Esta vela têm o aroma de canela e faz parte da minha coleção! 



quinta-feira, 13 de novembro de 2025

Presépio com flores secas - Maia

 "As flores desabrocham para continuar a viver, pois reter é perecer."

(Khalil Gibran)

As primeiras evidências do uso de flores secas remontam ao Antigo Egito, onde eram utilizadas em rituais religiosos, coroas funerárias e até na preservação dos tumulos.
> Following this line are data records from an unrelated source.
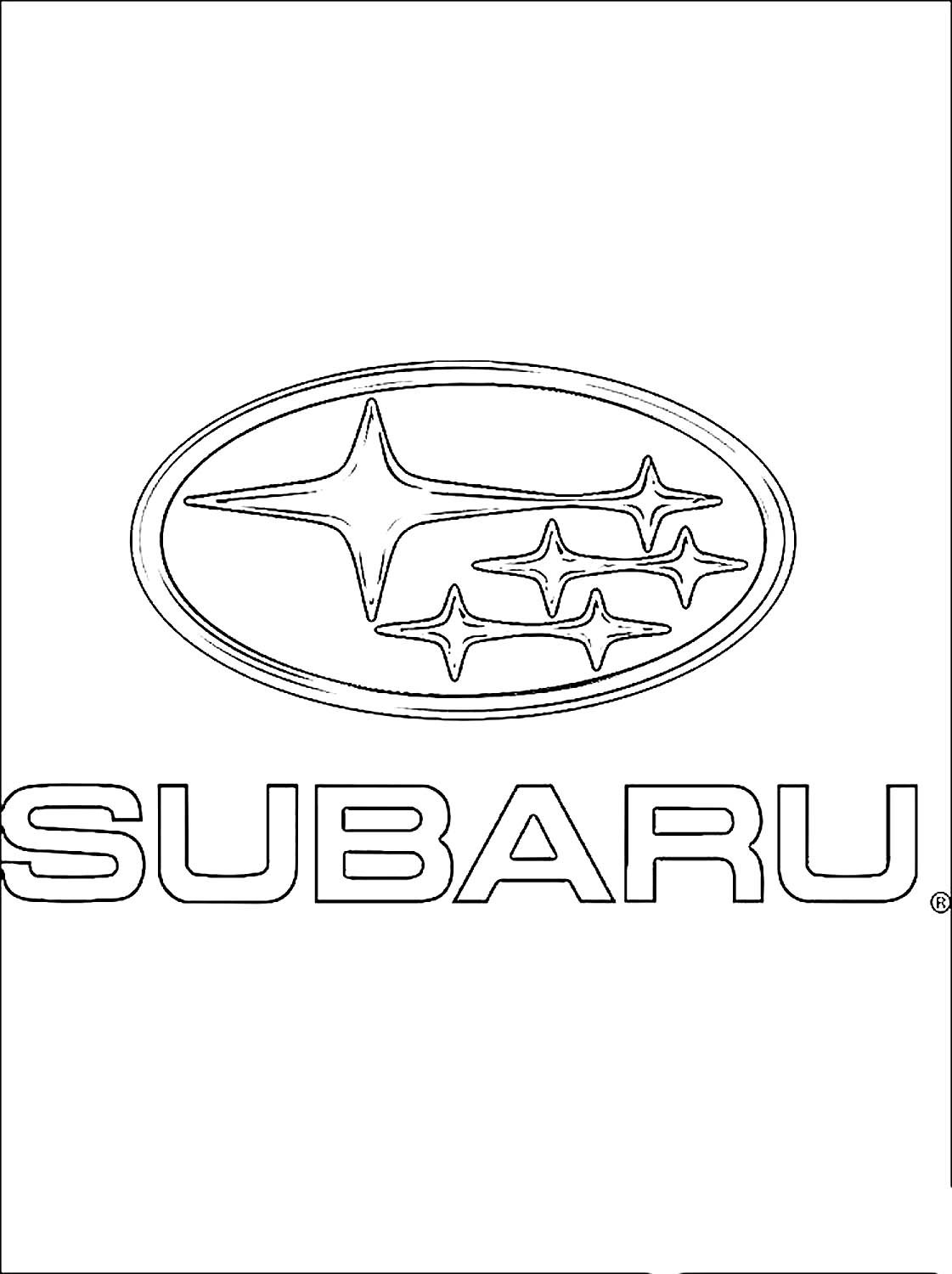 Раскраска Subaru Legacy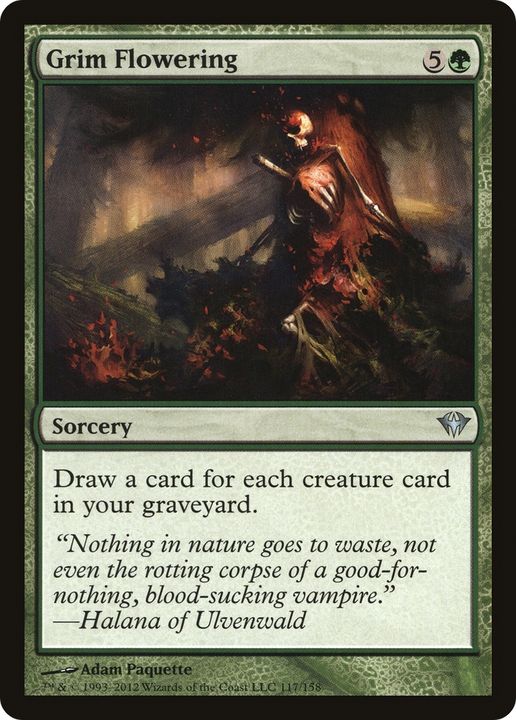 Grim Flowering in the group Magic the Gathering / Types / Colors / Green at Proxyprinters.com (84121)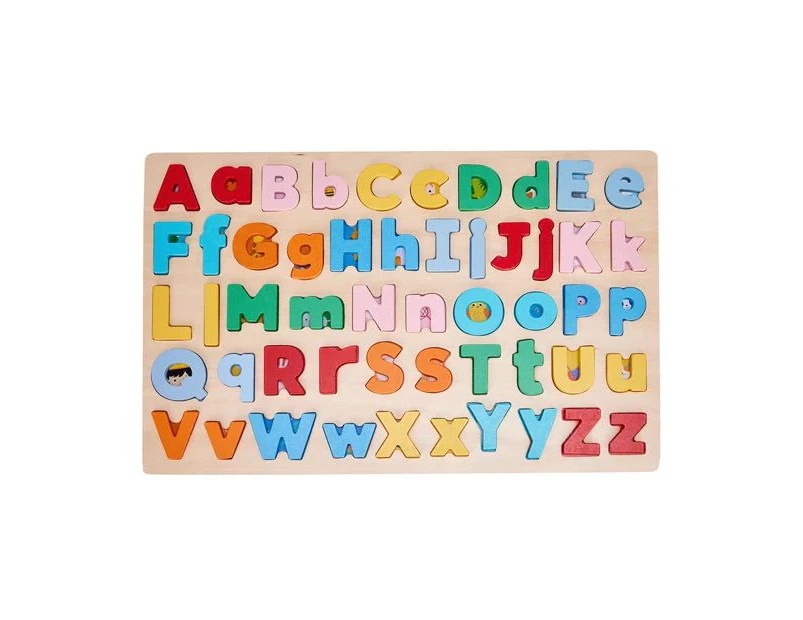 Wooden Lower and Uppercase Puzzle - Anko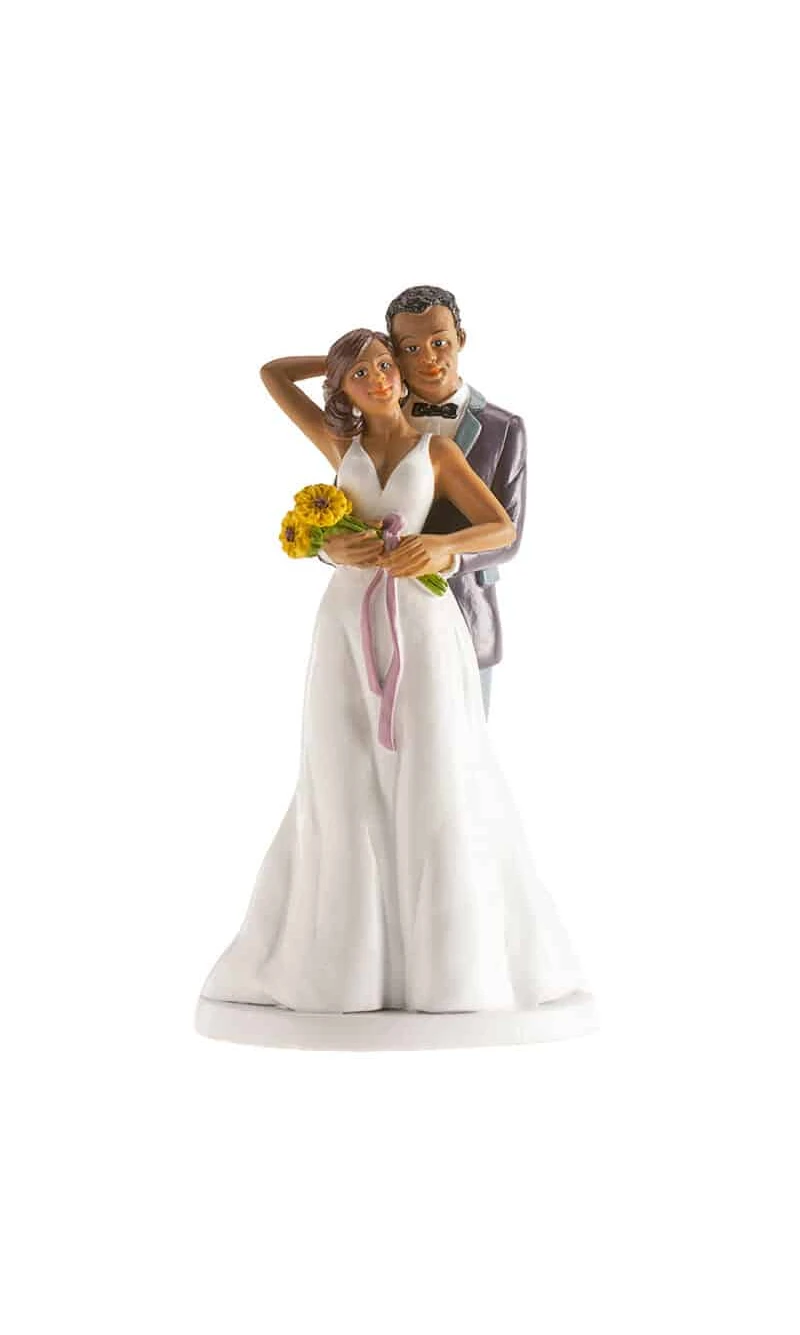 Pareja De Boda Roma Cake Topper - 18cm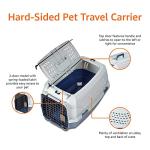 Top-Load Hard Plastic Pet Carrier for Travel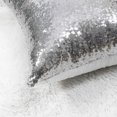 thumbnail image 4 of PiccoCasa 18"x18" Shiny Sequin Throw Pillow Covers Decorative Pillowcase, Silver 1, 4 of 8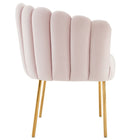 Modway Sanna Channel Tufted Performance Velvet Armchair - Pink-Non-Marking Foot Glides
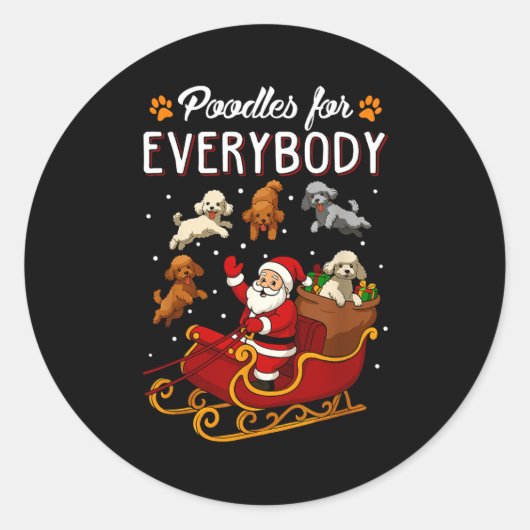 Odles Christmas Dog Mom Men Women Kids Funny Odle  ラウンドシール (正面)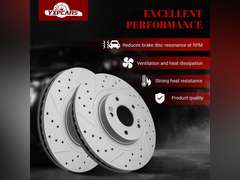 Ceramic Front Brakes Pad and Rotors Drilled Slotted Vented Replacement Disc Brake Kits for Kia Sorento 2014-2015,for Hyundai Santa Fe Sport 2013 2014 2015 2016 2.4L/2.0L 107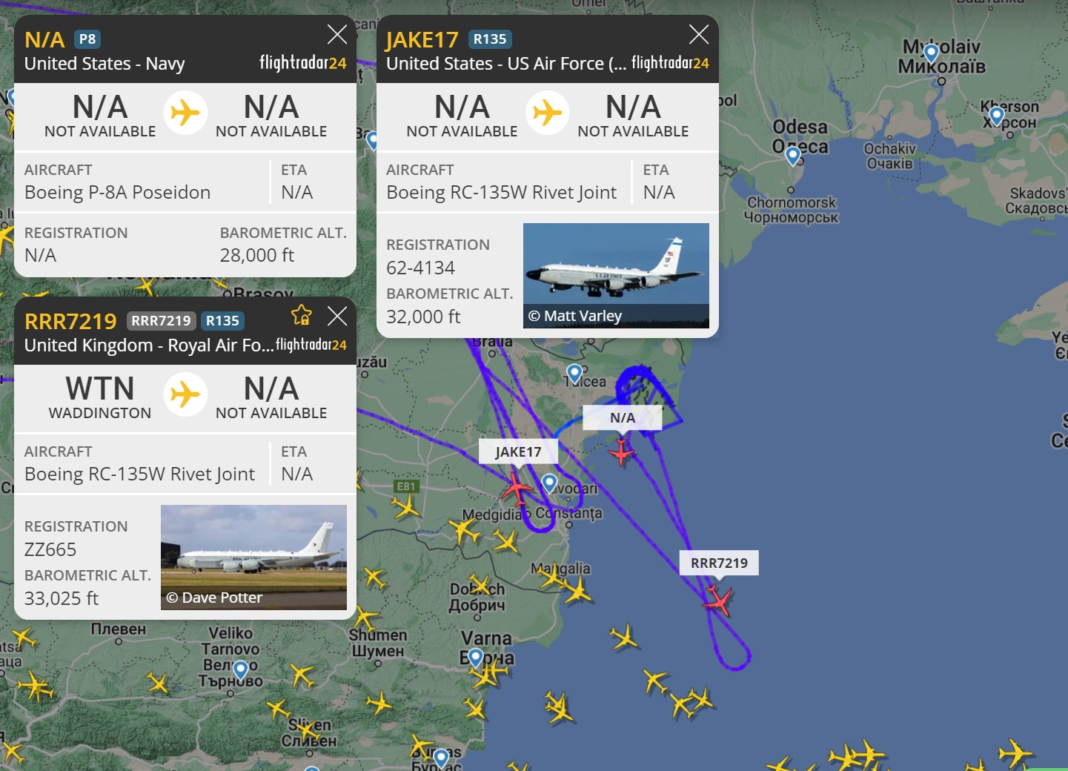 Avioanele de spionaj ale NATO s-au înghesuit din nou pe cerul României. Cu ce sisteme moderne îi monitorizează Aliații pe ruși VIDEO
Os egípcios acreditavam que as flores secas carregavam energias espirituais e simbolizavam a vida além da morte.

Este quadro foi feito com flores secas variadas e faz parte da minha coleção! 




Presépio especiarias - Maia

 "Nas especiarias da vida, sempre existirá o tempero certo para deixar tudo mais gostoso e uma xícara de chá para se encontrar a paz!

Este presépio está muito giro porque combina várias especiarias, como cravos da India, anis e canela!  Cheira muito bem e faz parte da minha coleção! 




segunda-feira, 3 de novembro de 2025

Alfinetes com presépios - Porto

 "Um alfinete que penetra, faz um estrago semelhante ao de uma espada."

  (Jefferson Andrade)

O alfinete foi inventado por Walter Hunt em 1849. A sua invenção foi motivada por uma dívida, e ele criou um design com uma mola e um fecho para proteger a ponta e evitar perfurações acidentais.

As fíbulas, alfinetes de peito da antiguidade usados para prender peças de vestuário, também precederam o modelo moderno.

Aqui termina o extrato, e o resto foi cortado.